# Action item:
Since pictures are not wanted in the copy, output only the rest of each record exactly.

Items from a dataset

[Start of section]

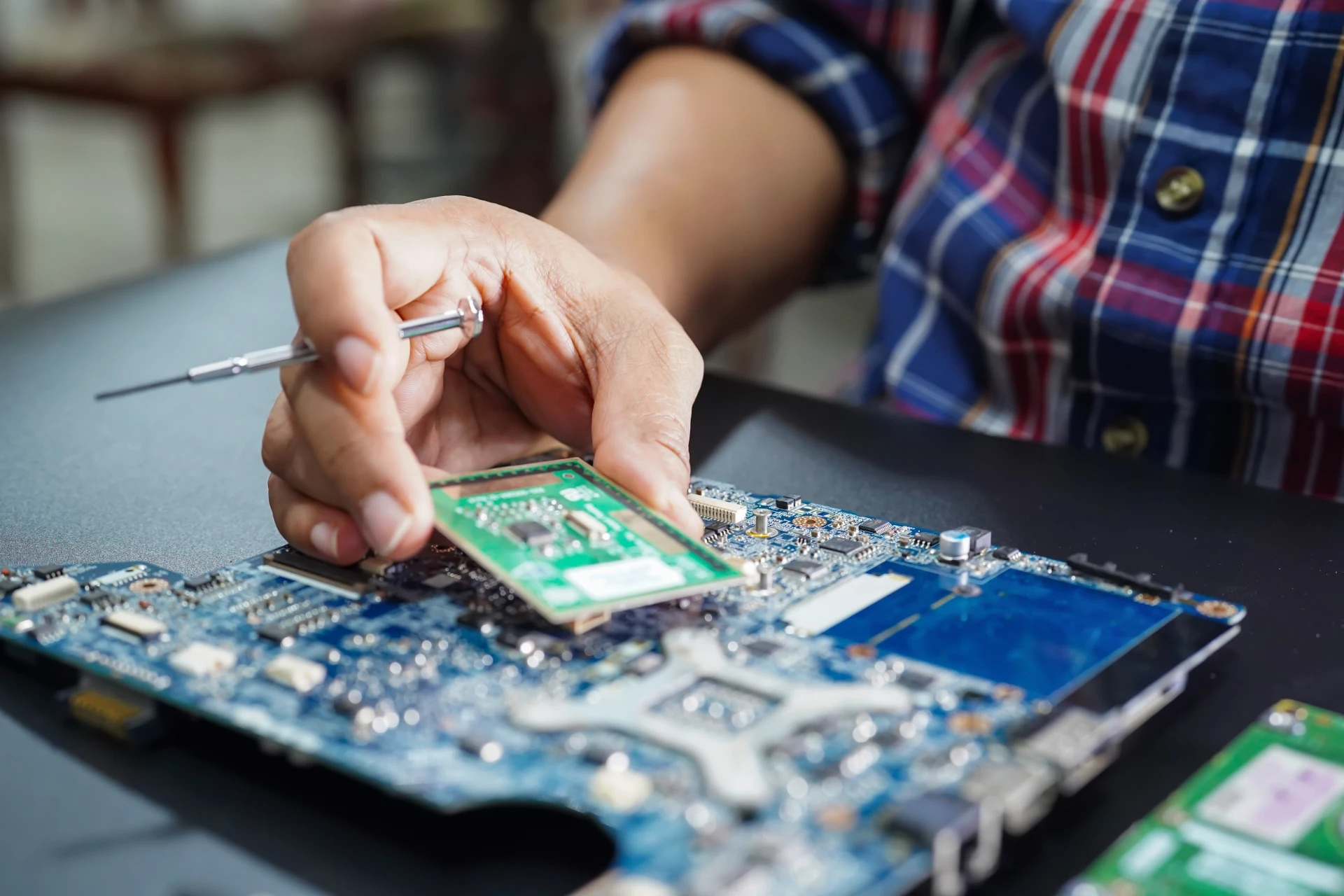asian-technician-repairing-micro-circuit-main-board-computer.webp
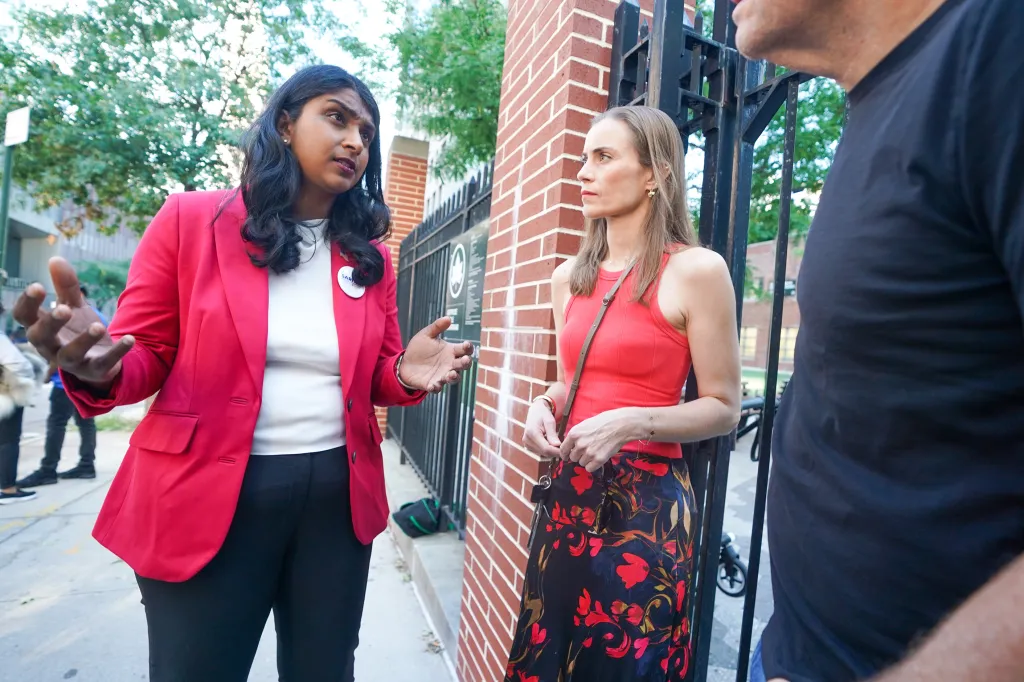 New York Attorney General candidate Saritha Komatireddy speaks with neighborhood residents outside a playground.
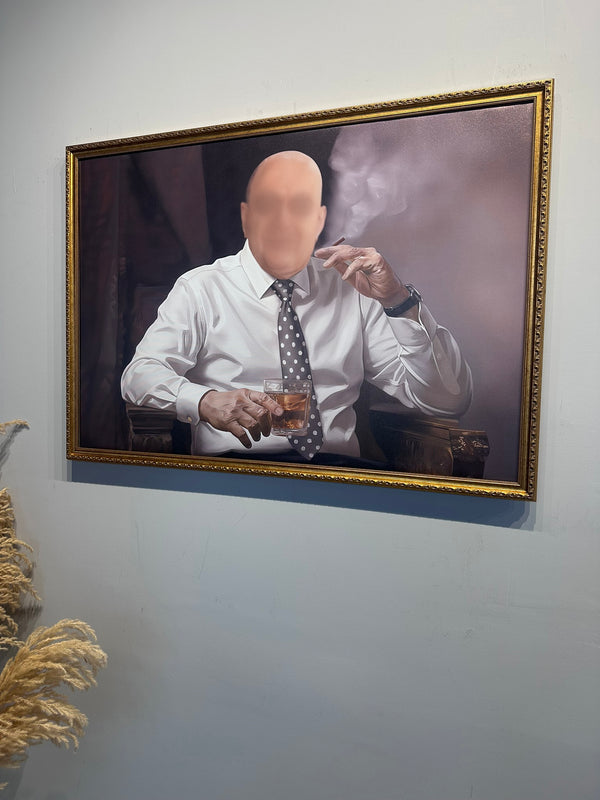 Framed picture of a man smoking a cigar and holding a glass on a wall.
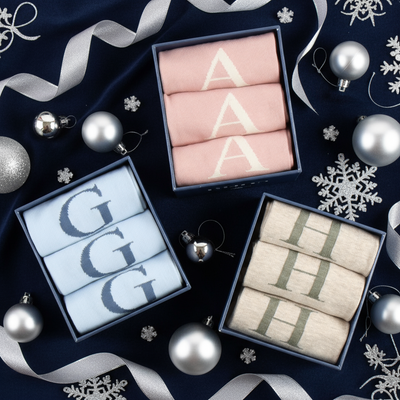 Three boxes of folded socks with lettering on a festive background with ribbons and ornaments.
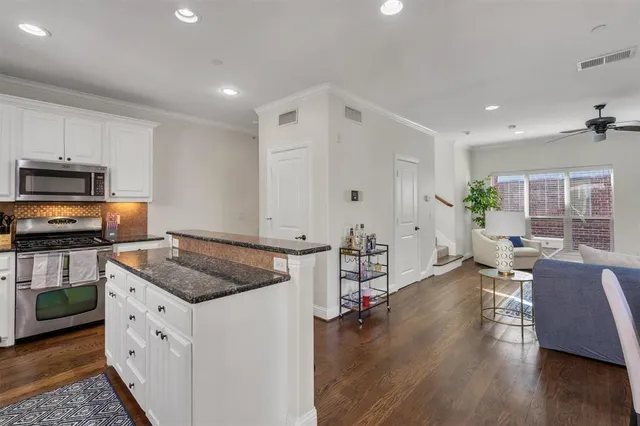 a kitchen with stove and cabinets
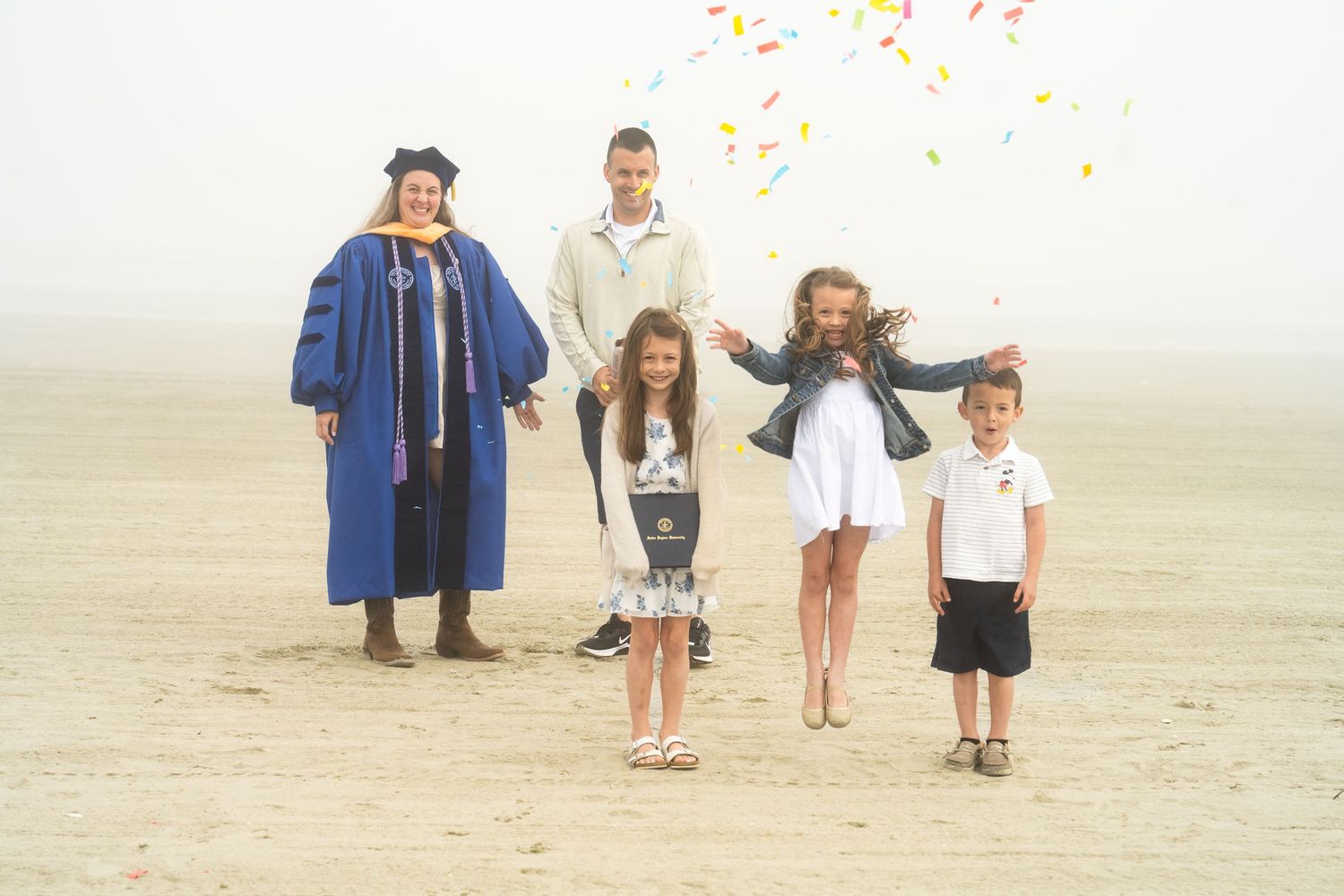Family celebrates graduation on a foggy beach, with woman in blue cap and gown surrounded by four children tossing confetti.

[End of section]

# Answer to the exercise:
asian-technician-repairing-micro-circuit-main-board-computer.webp
 New York Attorney General candidate Saritha Komatireddy speaks with neighborhood residents outside a playground.
 Framed picture of a man smoking a cigar and holding a glass on a wall.
 Three boxes of folded socks with lettering on a festive background with ribbons and ornaments.
 a kitchen with stove and cabinets
Family celebrates graduation on a foggy beach, with woman in blue cap and gown surrounded by four children tossing confetti.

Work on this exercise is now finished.